While testing complex, long-running systems like the software from the previous part, the need arises to "prove" the system's stability over long usage periods — which is in fact practically unachievable during development (what long-term testing can there be when updates land every day). Add to that the difficulty of catching memory-management errors that show up extremely rarely — sometimes only after days or weeks of continuous real operation. The company had several fully functional test benches as close as possible to a ship's conditions and data, where the software, as the saying goes, "lived" on real recordings from ships — but there were only three, and the queue to push your own module's testing through them was booked a month ahead.

To somehow speed up finding this kind of error, a separate type of allocator was developed — a randomizing (chaos) one, a specialized memory-management system built to hunt for bugs related to long-term program use.

Unlike "good" allocators, where the developer strives for stable object placement to optimize the cache and make data fetches predictable, this allocator does exactly the opposite — it deliberately breaks the stability of the address space. On every new allocation the system may randomly move already-existing objects to arbitrary regions of memory, creating conditions close to unpredictable. Well, not on every one, of course — that's the harshest case; rather, on some event plus a timer. Which, naturally, helps catch (relatively quickly, compared to ordinary development) the pieces of code that rely on addresses staying put — one of the classic sources of hard-to-catch bugs.

So that such moves don't break the program, the allocator uses an internal address-translation table — a kind of descriptors.

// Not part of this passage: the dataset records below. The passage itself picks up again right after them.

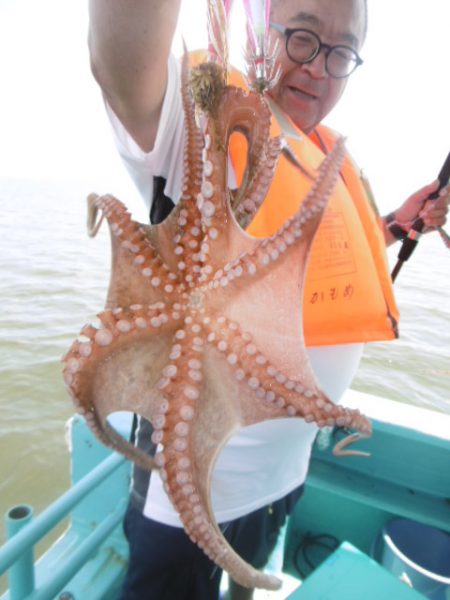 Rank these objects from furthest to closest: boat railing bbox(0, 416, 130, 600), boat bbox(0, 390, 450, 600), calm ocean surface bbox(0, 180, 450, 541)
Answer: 1. calm ocean surface bbox(0, 180, 450, 541)
2. boat bbox(0, 390, 450, 600)
3. boat railing bbox(0, 416, 130, 600)

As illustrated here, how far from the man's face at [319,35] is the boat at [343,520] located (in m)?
1.84

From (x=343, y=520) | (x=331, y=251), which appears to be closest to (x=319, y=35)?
(x=331, y=251)

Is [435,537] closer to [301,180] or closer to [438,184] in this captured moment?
[438,184]

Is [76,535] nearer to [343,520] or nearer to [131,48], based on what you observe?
[343,520]

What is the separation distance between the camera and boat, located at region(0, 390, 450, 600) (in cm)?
189

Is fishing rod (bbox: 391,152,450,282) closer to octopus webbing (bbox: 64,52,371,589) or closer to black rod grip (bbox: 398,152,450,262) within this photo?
black rod grip (bbox: 398,152,450,262)

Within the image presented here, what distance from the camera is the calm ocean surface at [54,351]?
554 centimetres

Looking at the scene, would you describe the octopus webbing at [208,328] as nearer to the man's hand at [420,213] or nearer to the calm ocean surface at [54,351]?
the man's hand at [420,213]

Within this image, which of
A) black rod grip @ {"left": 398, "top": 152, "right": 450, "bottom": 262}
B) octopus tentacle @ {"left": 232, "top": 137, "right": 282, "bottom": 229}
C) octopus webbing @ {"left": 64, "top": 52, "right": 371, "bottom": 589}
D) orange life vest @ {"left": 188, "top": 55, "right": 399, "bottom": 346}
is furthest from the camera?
black rod grip @ {"left": 398, "top": 152, "right": 450, "bottom": 262}

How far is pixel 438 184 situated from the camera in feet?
8.46

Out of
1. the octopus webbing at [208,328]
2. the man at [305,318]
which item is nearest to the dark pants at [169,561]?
the man at [305,318]

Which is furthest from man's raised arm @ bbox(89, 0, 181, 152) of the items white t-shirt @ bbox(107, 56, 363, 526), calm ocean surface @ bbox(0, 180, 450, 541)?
calm ocean surface @ bbox(0, 180, 450, 541)

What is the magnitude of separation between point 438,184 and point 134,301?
2251mm

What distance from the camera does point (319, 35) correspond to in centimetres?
158
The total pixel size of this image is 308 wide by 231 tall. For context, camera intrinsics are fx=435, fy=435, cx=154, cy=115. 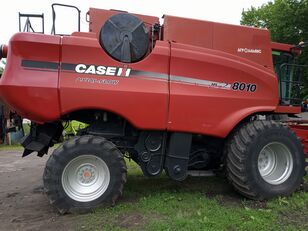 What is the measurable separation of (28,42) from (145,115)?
181 cm

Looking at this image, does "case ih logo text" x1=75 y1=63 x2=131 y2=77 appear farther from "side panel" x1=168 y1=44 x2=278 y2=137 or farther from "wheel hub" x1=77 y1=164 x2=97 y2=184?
"wheel hub" x1=77 y1=164 x2=97 y2=184

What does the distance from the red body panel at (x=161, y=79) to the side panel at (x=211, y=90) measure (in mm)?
14

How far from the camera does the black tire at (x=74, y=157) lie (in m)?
5.61

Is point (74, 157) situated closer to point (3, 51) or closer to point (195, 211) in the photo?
point (195, 211)

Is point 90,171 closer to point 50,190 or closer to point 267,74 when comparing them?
point 50,190

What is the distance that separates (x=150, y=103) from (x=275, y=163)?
7.26 feet

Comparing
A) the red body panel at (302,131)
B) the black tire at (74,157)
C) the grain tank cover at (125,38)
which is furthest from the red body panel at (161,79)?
the red body panel at (302,131)

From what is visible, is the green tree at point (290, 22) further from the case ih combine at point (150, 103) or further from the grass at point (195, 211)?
the grass at point (195, 211)

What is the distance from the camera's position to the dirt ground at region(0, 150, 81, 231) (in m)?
5.34

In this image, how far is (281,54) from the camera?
7328 millimetres

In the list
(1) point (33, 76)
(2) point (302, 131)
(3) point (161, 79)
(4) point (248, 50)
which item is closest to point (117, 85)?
(3) point (161, 79)

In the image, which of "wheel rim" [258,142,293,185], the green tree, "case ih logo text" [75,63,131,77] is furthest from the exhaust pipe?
the green tree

It maps the "logical" addresses the application works with to the real physical addresses in memory. Thanks to this, objects can move freely while correctly written code keeps working without noticing the changes. The program, as usual, "thinks" the data is in its old place, though in reality it has already been moved to another part of memory.

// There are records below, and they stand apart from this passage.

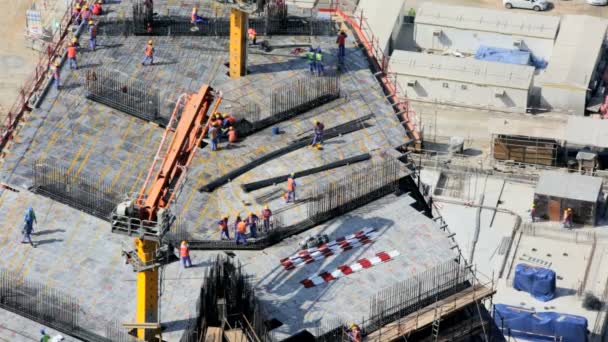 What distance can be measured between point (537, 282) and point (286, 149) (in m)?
22.0

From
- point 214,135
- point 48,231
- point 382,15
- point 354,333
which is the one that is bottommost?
point 354,333

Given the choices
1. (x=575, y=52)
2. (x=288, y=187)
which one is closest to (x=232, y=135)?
(x=288, y=187)

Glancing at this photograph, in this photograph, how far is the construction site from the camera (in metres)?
112

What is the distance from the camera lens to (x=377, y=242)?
12144 centimetres

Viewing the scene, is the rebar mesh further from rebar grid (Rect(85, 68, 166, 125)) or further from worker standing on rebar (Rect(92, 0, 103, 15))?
worker standing on rebar (Rect(92, 0, 103, 15))

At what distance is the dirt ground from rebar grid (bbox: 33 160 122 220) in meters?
39.1

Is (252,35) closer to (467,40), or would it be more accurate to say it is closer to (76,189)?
(76,189)

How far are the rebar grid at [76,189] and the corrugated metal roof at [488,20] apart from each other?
60.2m

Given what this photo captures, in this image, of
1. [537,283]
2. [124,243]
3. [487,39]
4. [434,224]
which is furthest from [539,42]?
[124,243]

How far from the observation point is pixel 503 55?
567 feet

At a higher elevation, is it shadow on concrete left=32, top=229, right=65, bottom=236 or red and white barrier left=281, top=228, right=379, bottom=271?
shadow on concrete left=32, top=229, right=65, bottom=236

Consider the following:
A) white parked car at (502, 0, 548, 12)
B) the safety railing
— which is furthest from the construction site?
white parked car at (502, 0, 548, 12)

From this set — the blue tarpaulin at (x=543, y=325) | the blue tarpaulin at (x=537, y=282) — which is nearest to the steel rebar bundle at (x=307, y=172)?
the blue tarpaulin at (x=543, y=325)

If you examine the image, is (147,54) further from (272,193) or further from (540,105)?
(540,105) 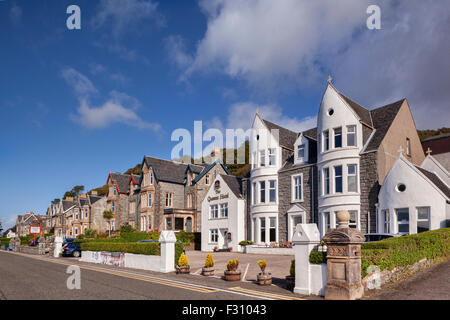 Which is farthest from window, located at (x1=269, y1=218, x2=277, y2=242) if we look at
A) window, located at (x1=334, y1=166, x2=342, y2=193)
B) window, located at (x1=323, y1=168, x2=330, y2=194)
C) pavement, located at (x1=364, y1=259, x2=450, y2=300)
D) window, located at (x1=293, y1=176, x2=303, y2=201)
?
pavement, located at (x1=364, y1=259, x2=450, y2=300)

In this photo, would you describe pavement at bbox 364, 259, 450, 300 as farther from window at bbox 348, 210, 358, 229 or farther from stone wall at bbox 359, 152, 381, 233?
window at bbox 348, 210, 358, 229

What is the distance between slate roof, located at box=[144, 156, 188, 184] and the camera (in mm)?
52250

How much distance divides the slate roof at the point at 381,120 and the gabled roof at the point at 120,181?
41926 mm

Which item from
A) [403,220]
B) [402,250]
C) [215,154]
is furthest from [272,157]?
[402,250]

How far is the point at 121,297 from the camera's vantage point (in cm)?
1186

Using this approach made it possible to catch a number of bugs at early stages that would normally have surfaced only after long operation. In one case an application that relied on address stability started crashing within a few hours of enabling aggressive address randomization, whereas without it similar failures happened only after weeks — and most likely already on the customer's equipment, i.e. somewhere at sea, where pulling out dumps is practically impossible, which threatened a serious dressing-down from management and some financial trouble. To avoid all kinds of problems, a ship always runs 2 or more backup instances of each workstation in parallel, so that if something happens you just switch to a live one if one falls over; that did happen, but very, very rarely.

In another case, in a navigation module working with multithreaded database queries, we managed to find data races. One thread cached the address of a structure while another triggered its relocation, leading to data corruption and a ship-positioning error. After analysis and a long investigation we concluded that such a situation couldn't have happened on real hardware and was most likely an effect of the allocator's approach itself — but the precedent was there, and that code was fixed. Again: in real conditions this error could occur about once per couple of billion DB accesses (which on average was three times more than the number of accesses in a single voyage), but the cost of such an error would be the ship's plotted position shifting by several dozen meters from its real one.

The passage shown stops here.